Start of Block
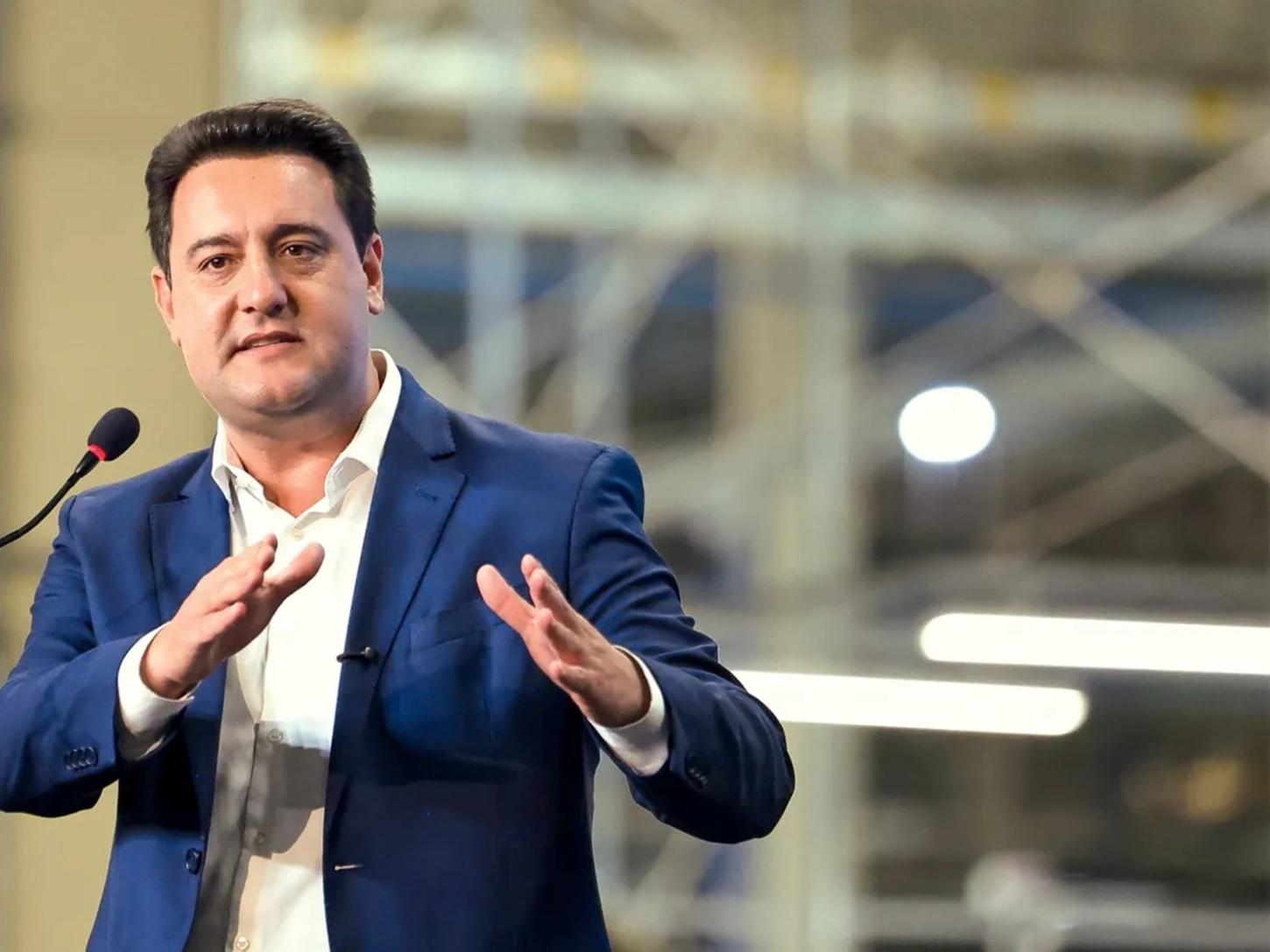 Ratinho Jr. desiste de disputar Presidência em 2026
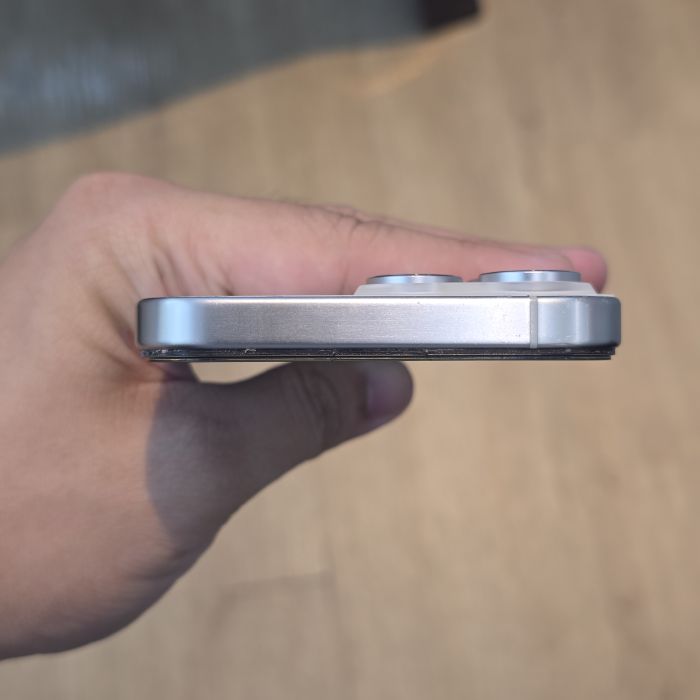 iPhone 15 Pro Max · 5/6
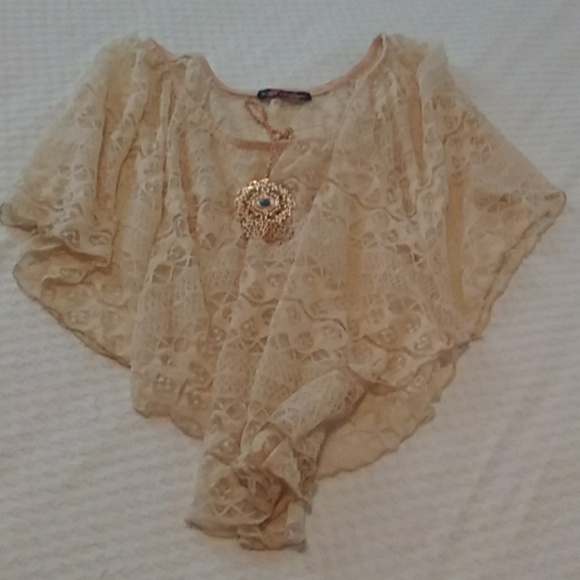 Woman Crop Top - Picture 2 of 3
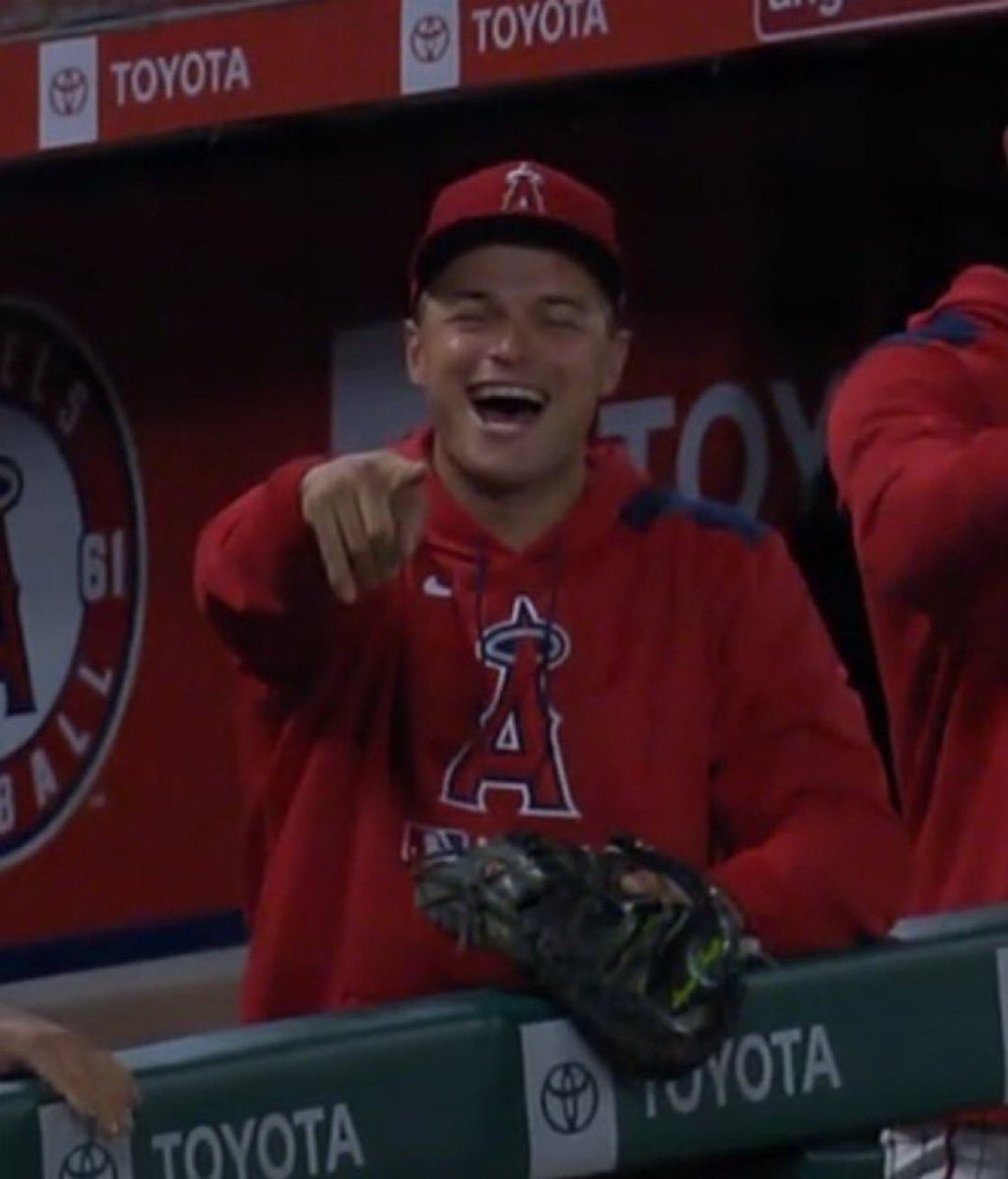 A sacar la escoba
Que cagada los Dodgers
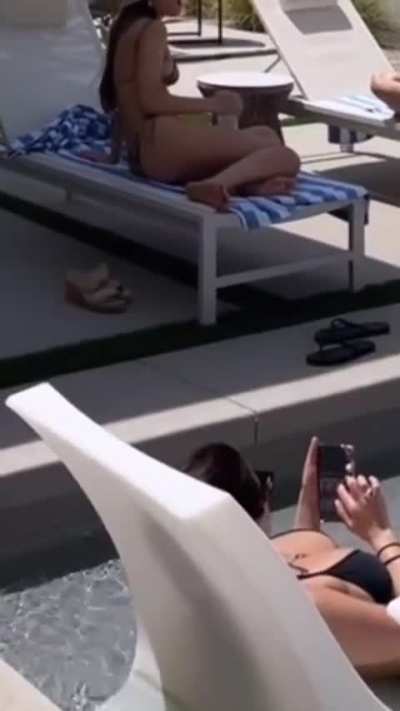 Lounging lowkey from Hanna&rsquo;s story 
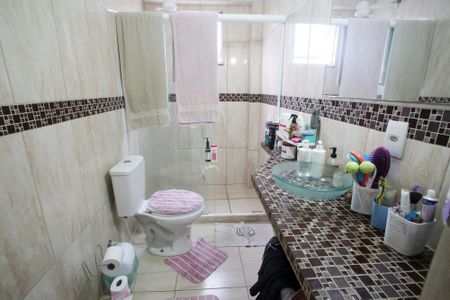 Casa para alugar com 200m², 3 quartos e sem vagaBanheiro da Suíte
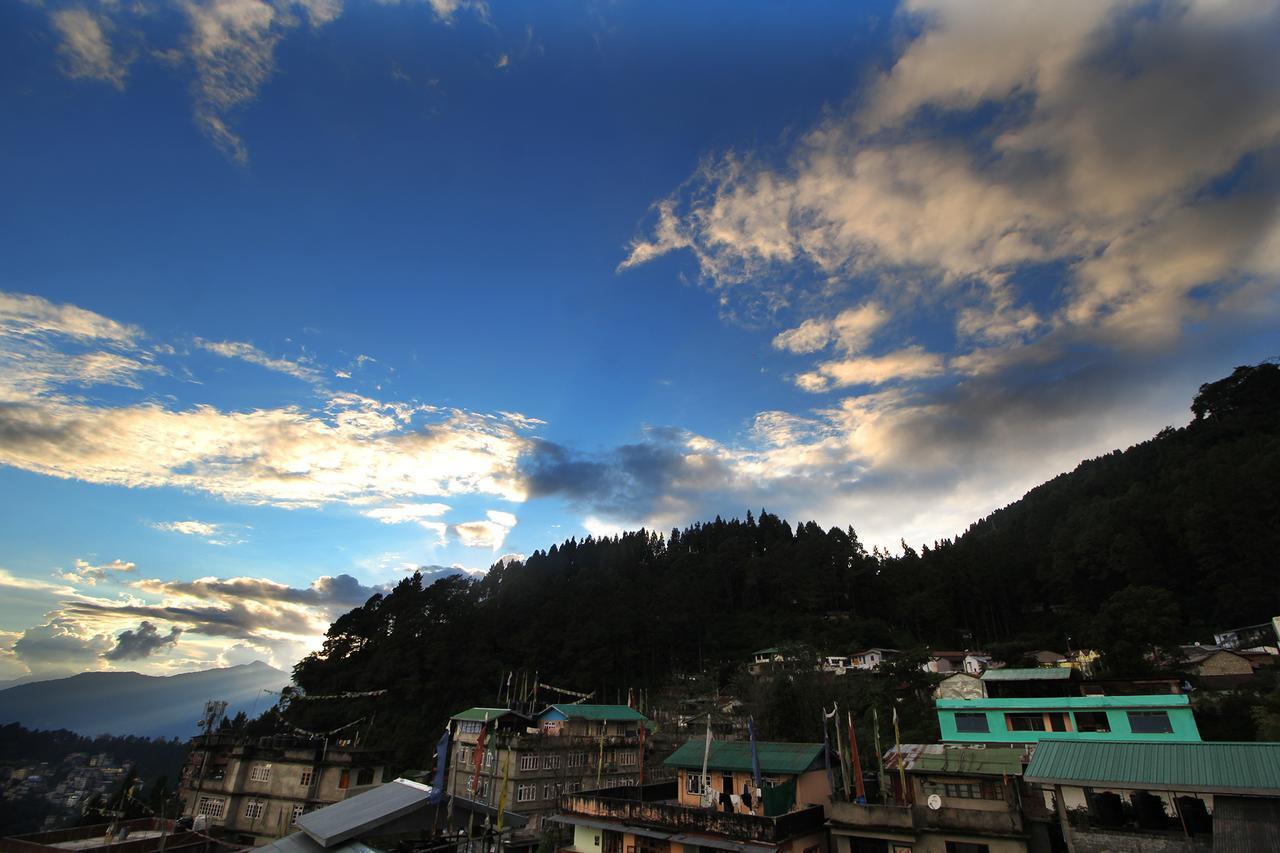 Hotel Tarayana Grand Gangtok Εξωτερικό φωτογραφία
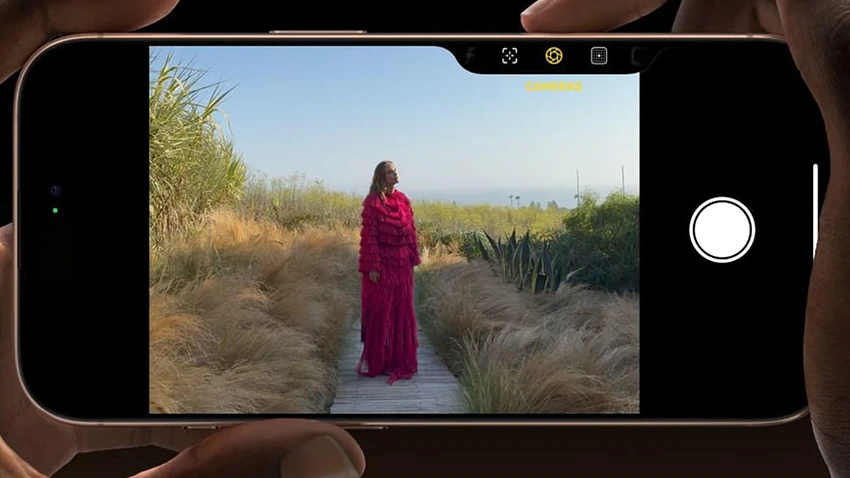 آبل تدرس إلغاء زر الكاميرا في iPhone 18، فهل كان إخفاقًا كبيرًا؟ 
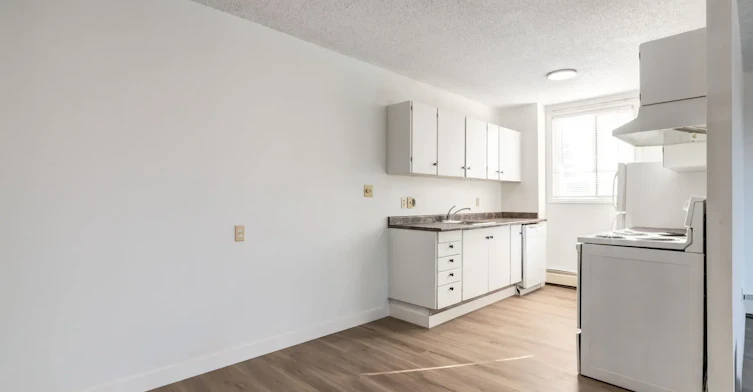 309-505 56 Avenue SW, Calgary, AB, T2V 0G6 - 4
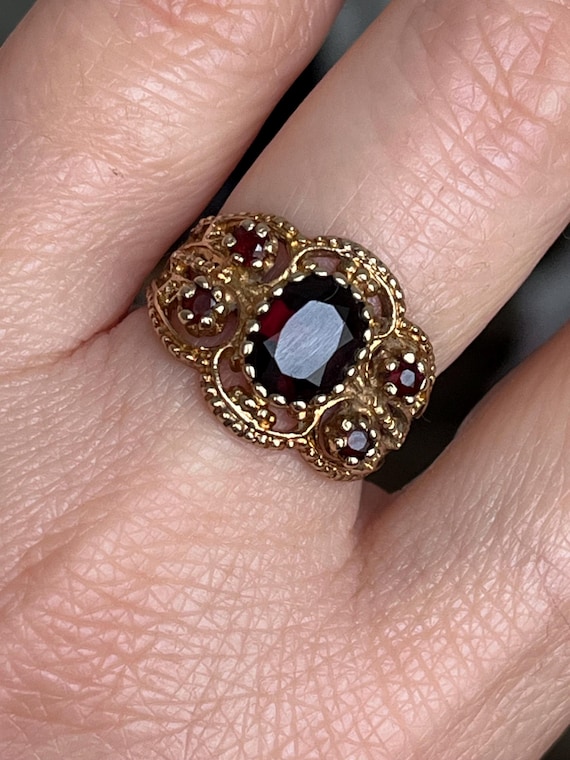 9ct Gold Garnet Ring, Ornate Setting, Vintage, UK Size P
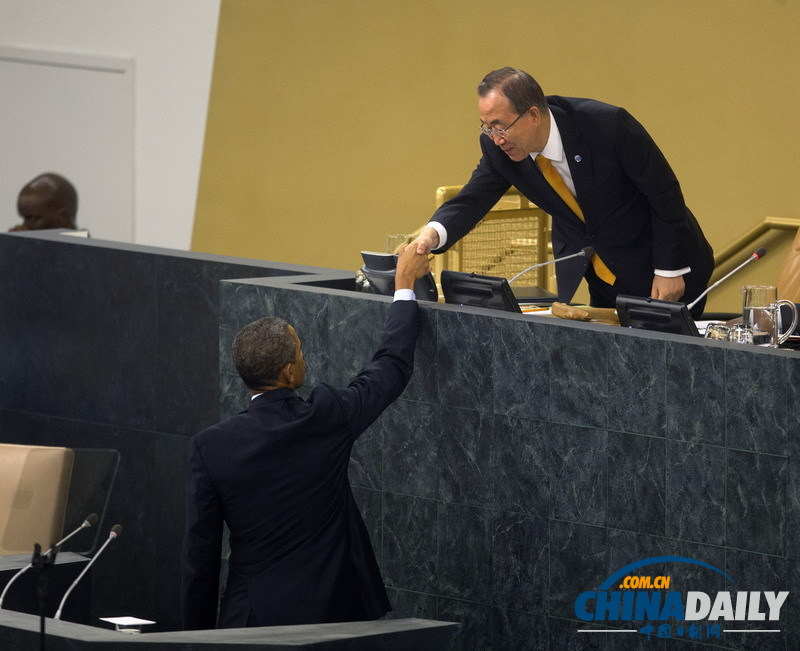 第68届联合国大会举行 奥巴马与潘基文握手秀亲密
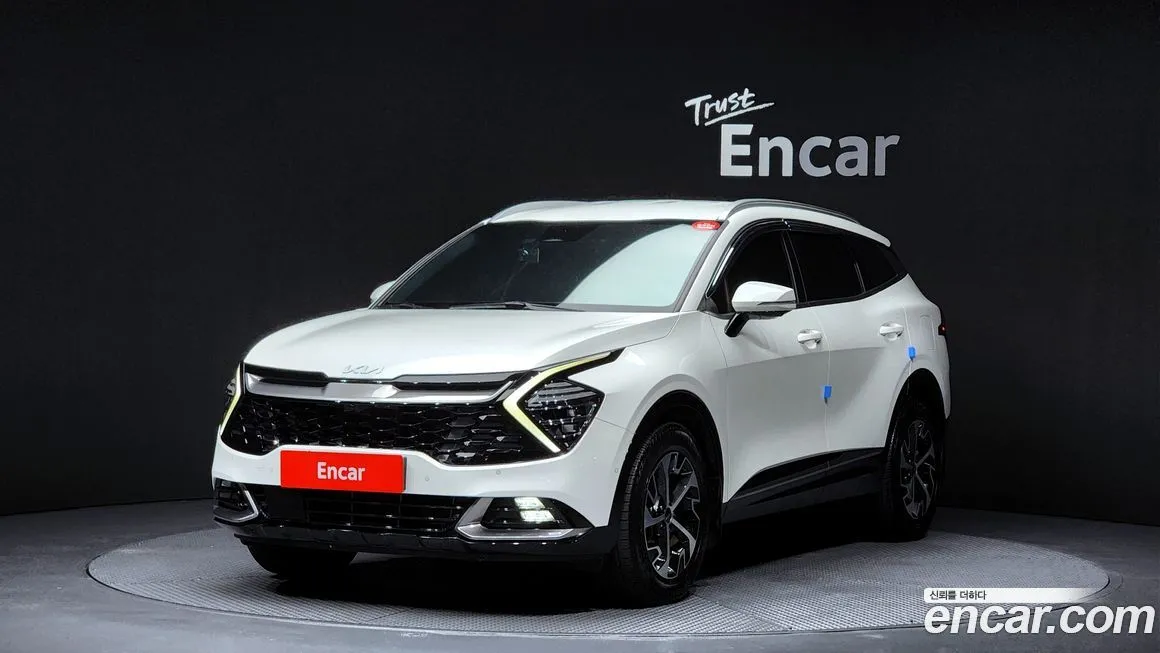 Kia Sportage — фото 1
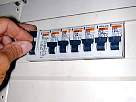Bricolaje de electricidad - instalar un sensor de movimiento - foto desconectando el interruptor diferencial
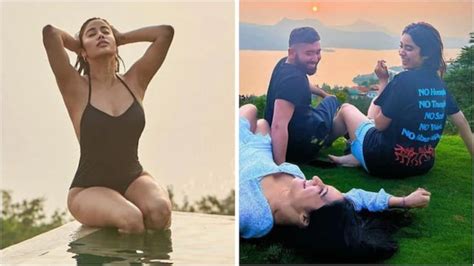 Janhvi Kapoor Looks Uber Hot In Black Swimsuit Shares Pics Of Fun Food And Laughter India Today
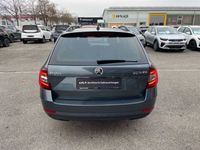 gebraucht Skoda Octavia Combi TSI DSG Style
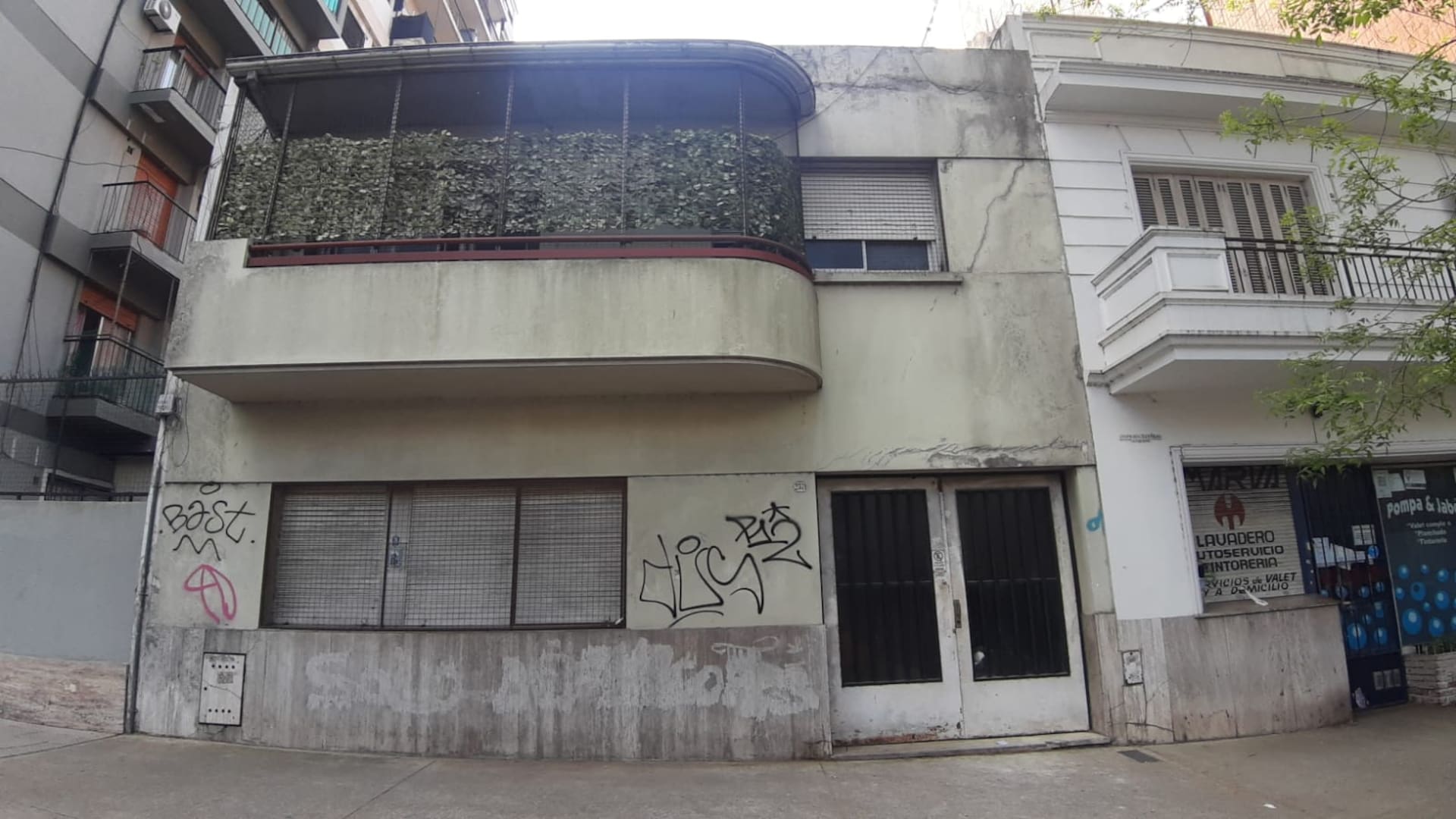 La casona de Núñez que inquieta a los vecinos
End of Block
Your assignment: In the data above, find the line with "آبل تدرس إلغاء" and the line with "gebraucht Skoda Octavia Combi TSI DSG Style". Please copy exactly those two lines and every line between them, but not the pictures.

Task response:
 آبل تدرس إلغاء زر الكاميرا في iPhone 18، فهل كان إخفاقًا كبيرًا؟ 
 309-505 56 Avenue SW, Calgary, AB, T2V 0G6 - 4
 9ct Gold Garnet Ring, Ornate Setting, Vintage, UK Size P
 第68届联合国大会举行 奥巴马与潘基文握手秀亲密
 Kia Sportage — фото 1
Bricolaje de electricidad - instalar un sensor de movimiento - foto desconectando el interruptor diferencial
 Janhvi Kapoor Looks Uber Hot In Black Swimsuit Shares Pics Of Fun Food And Laughter India Today
 gebraucht Skoda Octavia Combi TSI DSG Style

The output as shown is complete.